Dr. Schlesinger's mission has been to bring science into the public arena. During his term as president, he and his team of scientists have done much to explain critical scientific research and make it available in a broader sphere.
In his final talk, called "If I Had a Hammer," he "hammered" home what he sees as the critical four points, which he calls the "Four Horsemen of the Apocalypse." The points are unbridled population growth, the fallacy of the benefits of economic growth, unmitigated greed, and species and habitat decimation. With all of this, he warns that the waging of new wars would have dire consequences for an environment that is already fragile.
An environmentalist without Dr. Schlesinger's scientific training might be accused of being alarmist, but Dr. Schlesinger had science, statistics and line graphs to back up his points. Our situation is dire, more dire than we may think.

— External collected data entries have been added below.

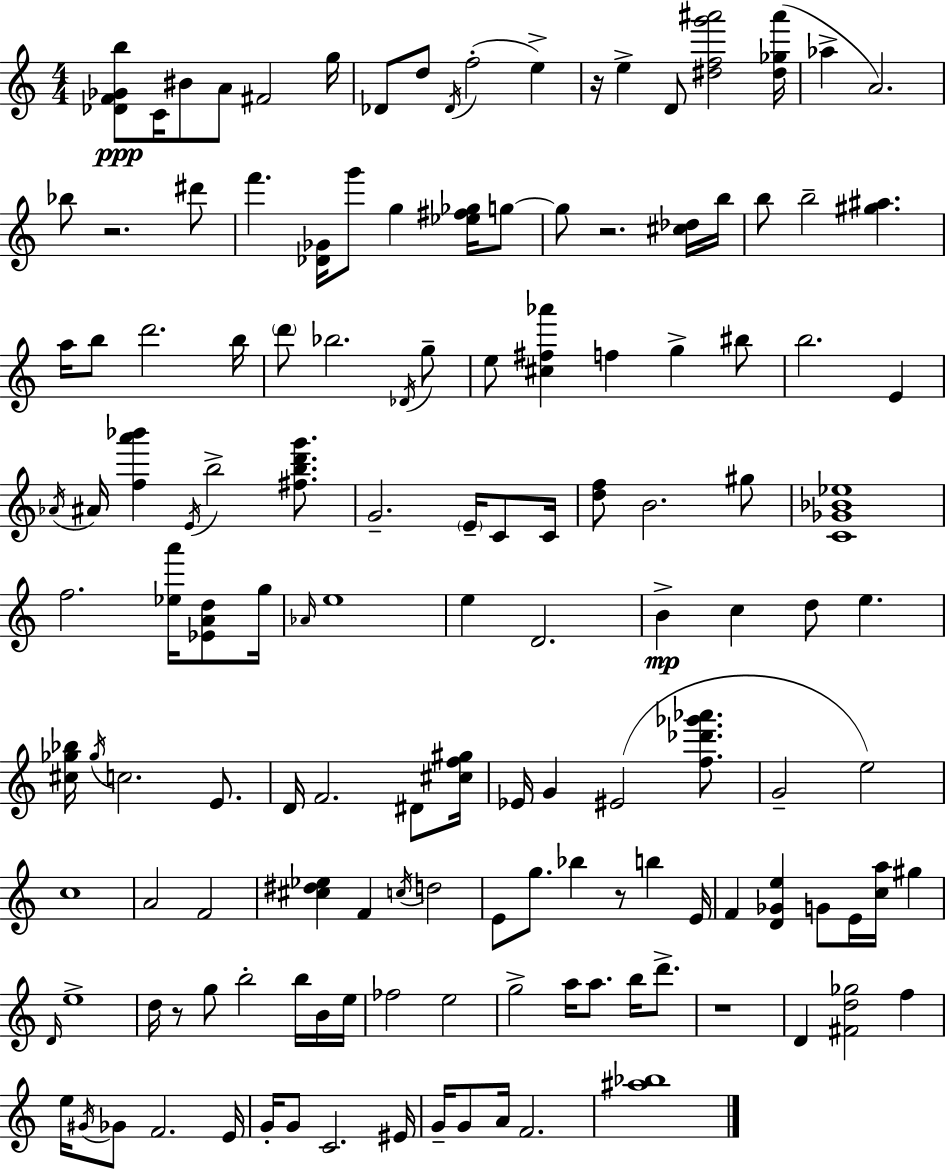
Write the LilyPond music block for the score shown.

{
  \clef treble
  \numericTimeSignature
  \time 4/4
  \key c \major
  <des' f' ges' b''>8\ppp c'16 bis'8 a'8 fis'2 g''16 | des'8 d''8 \acciaccatura { des'16 }( f''2-. e''4->) | r16 e''4-> d'8 <dis'' f'' g''' ais'''>2 | <dis'' ges'' ais'''>16( aes''4-> a'2.) | \break bes''8 r2. dis'''8 | f'''4. <des' ges'>16 g'''8 g''4 <ees'' fis'' ges''>16 g''8~~ | g''8 r2. <cis'' des''>16 | b''16 b''8 b''2-- <gis'' ais''>4. | \break a''16 b''8 d'''2. | b''16 \parenthesize d'''8 bes''2. \acciaccatura { des'16 } | g''8-- e''8 <cis'' fis'' aes'''>4 f''4 g''4-> | bis''8 b''2. e'4 | \break \acciaccatura { aes'16 } ais'16 <f'' a''' bes'''>4 \acciaccatura { e'16 } b''2-> | <fis'' b'' d''' g'''>8. g'2.-- | \parenthesize e'16-- c'8 c'16 <d'' f''>8 b'2. | gis''8 <c' ges' bes' ees''>1 | \break f''2. | <ees'' a'''>16 <ees' a' d''>8 g''16 \grace { aes'16 } e''1 | e''4 d'2. | b'4->\mp c''4 d''8 e''4. | \break <cis'' ges'' bes''>16 \acciaccatura { ges''16 } c''2. | e'8. d'16 f'2. | dis'8 <cis'' f'' gis''>16 ees'16 g'4 eis'2( | <f'' des''' ges''' aes'''>8. g'2-- e''2) | \break c''1 | a'2 f'2 | <cis'' dis'' ees''>4 f'4 \acciaccatura { c''16 } d''2 | e'8 g''8. bes''4 | \break r8 b''4 e'16 f'4 <d' ges' e''>4 g'8 | e'16 <c'' a''>16 gis''4 \grace { d'16 } e''1-> | d''16 r8 g''8 b''2-. | b''16 b'16 e''16 fes''2 | \break e''2 g''2-> | a''16 a''8. b''16 d'''8.-> r1 | d'4 <fis' d'' ges''>2 | f''4 e''16 \acciaccatura { gis'16 } ges'8 f'2. | \break e'16 g'16-. g'8 c'2. | eis'16 g'16-- g'8 a'16 f'2. | <ais'' bes''>1 | \bar "|."
}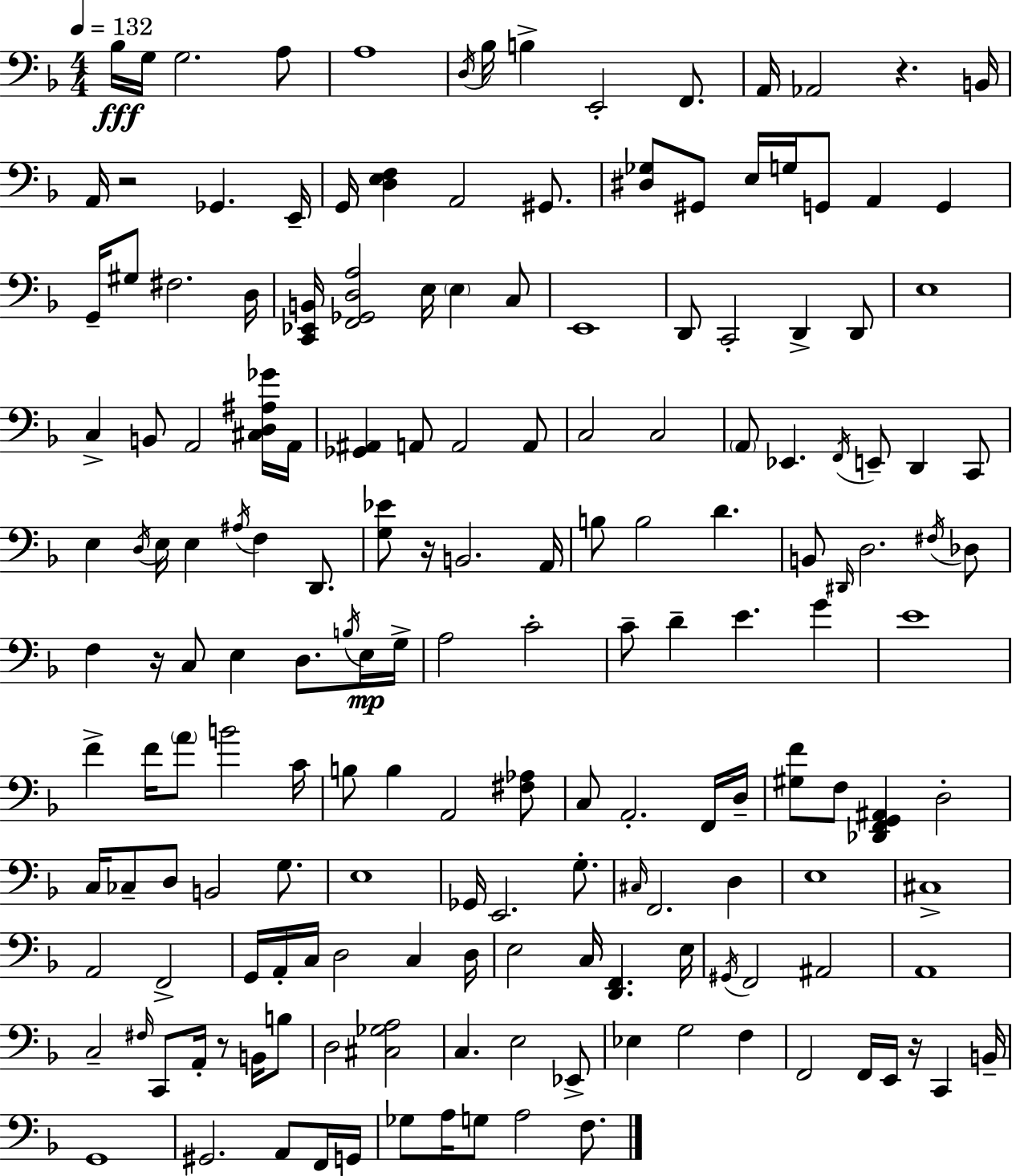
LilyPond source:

{
  \clef bass
  \numericTimeSignature
  \time 4/4
  \key f \major
  \tempo 4 = 132
  bes16\fff g16 g2. a8 | a1 | \acciaccatura { d16 } bes16 b4-> e,2-. f,8. | a,16 aes,2 r4. | \break b,16 a,16 r2 ges,4. | e,16-- g,16 <d e f>4 a,2 gis,8. | <dis ges>8 gis,8 e16 g16 g,8 a,4 g,4 | g,16-- gis8 fis2. | \break d16 <c, ees, b,>16 <f, ges, d a>2 e16 \parenthesize e4 c8 | e,1 | d,8 c,2-. d,4-> d,8 | e1 | \break c4-> b,8 a,2 <cis d ais ges'>16 | a,16 <ges, ais,>4 a,8 a,2 a,8 | c2 c2 | \parenthesize a,8 ees,4. \acciaccatura { f,16 } e,8-- d,4 | \break c,8 e4 \acciaccatura { d16 } e16 e4 \acciaccatura { ais16 } f4 | d,8. <g ees'>8 r16 b,2. | a,16 b8 b2 d'4. | b,8 \grace { dis,16 } d2. | \break \acciaccatura { fis16 } des8 f4 r16 c8 e4 | d8. \acciaccatura { b16 } e16\mp g16-> a2 c'2-. | c'8-- d'4-- e'4. | g'4 e'1 | \break f'4-> f'16 \parenthesize a'8 b'2 | c'16 b8 b4 a,2 | <fis aes>8 c8 a,2.-. | f,16 d16-- <gis f'>8 f8 <des, f, g, ais,>4 d2-. | \break c16 ces8-- d8 b,2 | g8. e1 | ges,16 e,2. | g8.-. \grace { cis16 } f,2. | \break d4 e1 | cis1-> | a,2 | f,2-> g,16 a,16-. c16 d2 | \break c4 d16 e2 | c16 <d, f,>4. e16 \acciaccatura { gis,16 } f,2 | ais,2 a,1 | c2-- | \break \grace { fis16 } c,8 a,16-. r8 b,16 b8 d2 | <cis ges a>2 c4. | e2 ees,8-> ees4 g2 | f4 f,2 | \break f,16 e,16 r16 c,4 b,16-- g,1 | gis,2. | a,8 f,16 g,16 ges8 a16 g8 a2 | f8. \bar "|."
}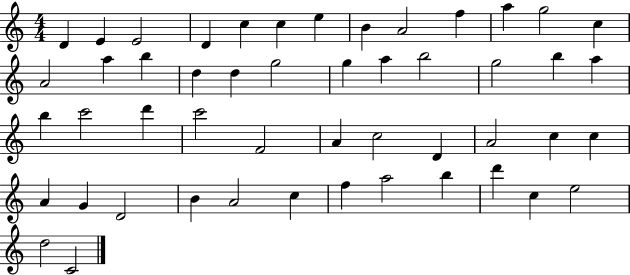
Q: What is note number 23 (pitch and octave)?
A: G5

"We are fouling our nest, and we need to do better. The fisheries of the ocean are being depleted, and we are experiencing a severe loss of species. Our population rates may be slowing but they are still growing, and the per capita power consumption has increased by a power of ten as the growth of population has gone from one billion to almost seven billion in the last two hundred years."
Dr. Schlesinger emphasized the need for family planning in developing countries and the right of women to choose whether to have children. He said there is a direct correlation between the number of people and the amount of carbon dioxide on the planet.
The second "Horseman of the Apocalypse" was what he called the fallacy of the benefits of economic growth.
"Companies should be satisfied with making a small profit and putting some of that back into research and development; bigger is not always better. Only madmen and economists believe in unmitigated growth. Some people say we have grown economically because of the production of nitrogen fertilizers producing more food, but the environmental effects of those fertilizers have fouled the fresh and coastal waters."
Continuing in this cheerful vein, Dr. Schlesinger brought up what he sees as the third Apocalyptic Horseman, the forces of greed:
"Looking at the squirrels on my bird feeder, I am reminded of the behavior on Wall Street. We still want our large cars and our large houses. When it snows, we want our roads salted right away so we can drive right away to get more stuff. Darwinian behavior is manifest in human behavior. A corporate world without regulation is a sure road to the apocalypse of the planet."
"We will never get off fossil fuels unless we start taxing carbon emissions," he continued, with some authority as one of the leading experts on climate change and carbon sequestration.
The Fourth Horseman, he said, heralds species decimation. Explaining that the Cary Institute does a lot of biochemical studies trying to understand the effects of human behavior on the environment, Dr. Schlesinger showed a photo of a frog, deformed from the use of a pesticide, Atrazine, that is widely used on crops.
"Many species are now in rapid decline. Species diversity is what makes a difference to the world at large. Each individual species plays a unique role in holding an ecosystem together. It may be illegal to kill an endangered species outright but okay to develop the land that provides its habitat. You cannot predict which species destruction might cause the collapse of an entire ecosystem. One third of species are expected to go extinct in the next century."
That fewer birds can result in more destructive insects was one of the long-term trends that emerged in the Hubbard Brook Experimental Forest study done by the Cary Institute.
Towards the end of his talk, Dr. Schlesinger acknowledged the critical role of Flagler Trust trustee Ned Ames in supporting Cary's work and helping the research to get into the national science arena as well as major public information disseminators such as National Public Radio. Dr. Schlesinger brought up his staff and many of his supporters to share in the standing ovation he received in this meaningful final talk.